Combine with the ideas from Lessons 7-8:

prompt = "Write a 30-second jazz loop. Describe the drums, bass, and piano voicing."
description = llm.complete(prompt)
music = musicgen.generate([description], duration=30)

Use It

Goal	Stack
Instrumental sound design	Stable Audio Open
Game / adaptive music	Google Lyria RealTime (closed)
Full songs with vocals (commercial)	Suno v5 or Udio v4 with explicit license
Full songs with vocals (open)	ACE-Step XL or YuE
Short ad jingle	MusicGen melody-conditioned on a hummed reference
Music-video background	MusicGen + Stable Video Diffusion

Pitfalls that still ship in 2026

Copyright-laundering prompts. "Song in the style of Taylor Swift" — commercial Suno/Udio filter these now, open models do not. Add your own filter list.
Repetition / drift past 30 s. AR models loop. Crossfade multiple generations, or use ACE-Step for structural coherence.
Tempo drift. Models wander off the BPM. Use BPM tags in the prompt and post-filter with librosa's beat_track.
Vocal intelligibility. Suno is excellent; open models are often mushy on words. If lyrics matter, use a commercial API or fine-tune.
Mono output. Open models generate mono or fake-stereo. Upgrade with a proper stereo reconstruction (ezst, Cartesia's stereo diffusion).

Ship It

Save as outputs/skill-music-designer.md.
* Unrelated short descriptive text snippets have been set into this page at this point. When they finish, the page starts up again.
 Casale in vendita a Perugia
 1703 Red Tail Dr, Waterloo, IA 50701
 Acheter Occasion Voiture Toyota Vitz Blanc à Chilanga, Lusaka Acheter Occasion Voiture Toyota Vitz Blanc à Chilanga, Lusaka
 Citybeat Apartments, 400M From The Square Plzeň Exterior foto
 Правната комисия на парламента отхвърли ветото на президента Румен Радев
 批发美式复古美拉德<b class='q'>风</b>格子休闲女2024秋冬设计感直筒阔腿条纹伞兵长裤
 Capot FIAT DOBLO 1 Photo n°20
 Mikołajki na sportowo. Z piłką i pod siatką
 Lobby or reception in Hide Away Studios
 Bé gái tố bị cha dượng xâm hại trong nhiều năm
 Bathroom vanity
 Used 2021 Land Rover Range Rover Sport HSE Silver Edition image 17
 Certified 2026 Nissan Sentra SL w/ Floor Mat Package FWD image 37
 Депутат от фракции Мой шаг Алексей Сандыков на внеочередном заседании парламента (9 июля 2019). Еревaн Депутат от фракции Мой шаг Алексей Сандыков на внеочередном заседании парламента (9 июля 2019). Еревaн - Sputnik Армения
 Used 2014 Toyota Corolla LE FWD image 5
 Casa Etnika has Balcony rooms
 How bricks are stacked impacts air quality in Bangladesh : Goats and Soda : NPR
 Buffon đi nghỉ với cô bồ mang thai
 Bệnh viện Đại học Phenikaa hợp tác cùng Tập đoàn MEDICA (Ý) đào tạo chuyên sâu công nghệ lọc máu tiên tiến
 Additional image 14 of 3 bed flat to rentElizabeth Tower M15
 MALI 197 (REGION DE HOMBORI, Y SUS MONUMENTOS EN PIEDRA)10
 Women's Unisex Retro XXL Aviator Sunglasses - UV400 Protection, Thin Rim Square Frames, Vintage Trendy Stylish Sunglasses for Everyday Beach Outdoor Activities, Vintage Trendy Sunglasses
Pick model, license strategy, length / structure plan, and disclosure metadata for a music-gen deployment.

Exercises

Easy. Run code/main.py. It produces a "generative" chord progression + drum pattern as ASCII symbols — a music-gen cartoon. Play it back via any MIDI renderer if you want.
Medium. Install audiocraft, generate 10-second clips across 4 genre prompts with MusicGen-small, measure FAD against a reference genre set.
Hard. Using ACE-Step (or MusicGen-melody), generate three variations of the same tune with different timbre prompts. Compute CLAP similarity to the prompt to verify alignment.

Key Terms

Term	What people say	What it actually means
FAD	Audio FID	Fréchet distance between embedding distributions of real vs generated.
Chromagram	Melody as pitches	12-dim per-frame vector; input to melody conditioning.
Stems	Instrument tracks	Separated bass / drums / vocals / melody as WAV.
Inpainting	Regen a section	Mask a time window; model regenerates just that.
CLAP	Text-audio CLIP	Contrastive audio-text embedding; eval text-audio alignment.
EnCodec	Music codec	Meta's neural codec used by MusicGen; 32 kHz, 4 codebooks.